I have an even slower one. Yay for countries in the middle of... Well somewhere, and computers from 2009 haha if something can even run on that, I'd be surprised. How's that for a slow processor? It's pretty ancient. The synth sounds nice, yeah, don't like how it reads hashtag, but I guess that's me. There's also something about question marks it clearly missed, but I think it needs to be fed a bigger chunk of text to see if it'll sound better. Otherwise, for the quality, Bleh, either my ears, or something, do not consider it a great quality in the sound terms, but for a TTS, I guess it's good. says the person who daily drives a TTS that came out in 2001. LOL.
in reply to Andre Louis

A synth that does English people no good.

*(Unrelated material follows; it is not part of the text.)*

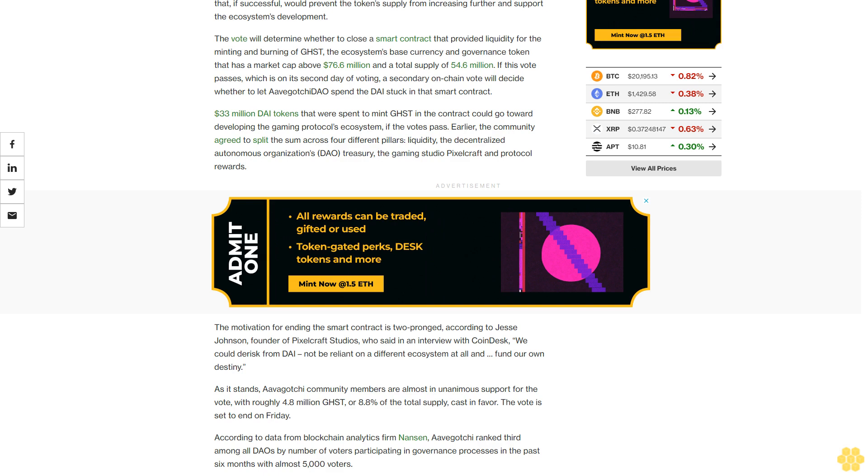According to data from blockchain analytics firm Nansen, Avogachi ranked third among all DAOs by number of voters participating in governance processes in the past six months with almost 5,000 voters.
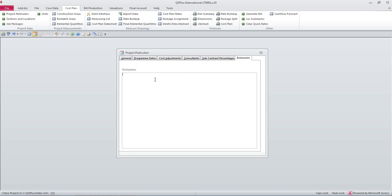Exclusions, let us say all soft furnishings. Anything that is excluded from this cost plan should be listed here. It actually prints on the cost plan so that you have a record that those things are not included in the cost that is calculated.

Haha. And I have a dell from 2009, it has still a 32Bit windows 10 version, so it tells you something. :D
in reply to Winter blue tardis🇧🇬🇭🇺

I also cannot tell you the full specs. Computer not here, sadly. It has a removable battery though, that gave up a long time ago, then I fell down some stairs while carrying set computer, and the pixels in the screen went poof, and no screen.
in reply to Peter Vágner

@pvagner@mush42 I'm not sure. I do kind of worry about a tts developed by and for blind people and if it can be kept up to date and maintained.
in reply to Samuel Proulx

@Samuel Proulx I understand @Musharraf has made verry significant progress for example as compared to piper TTS. To me it looks it's much lighter for both training and using trained model even enhancing audio quality and elligibility in the process. This is just my guess but with such an achievement it's fine not to limit it to blind audience exclusivelly. This is how I am seeing #optispeech. However I haven't played with kokoro TTS thus I have asked how much do you like it for example while comparing to something else, perhaps piper TTS if you do know that one.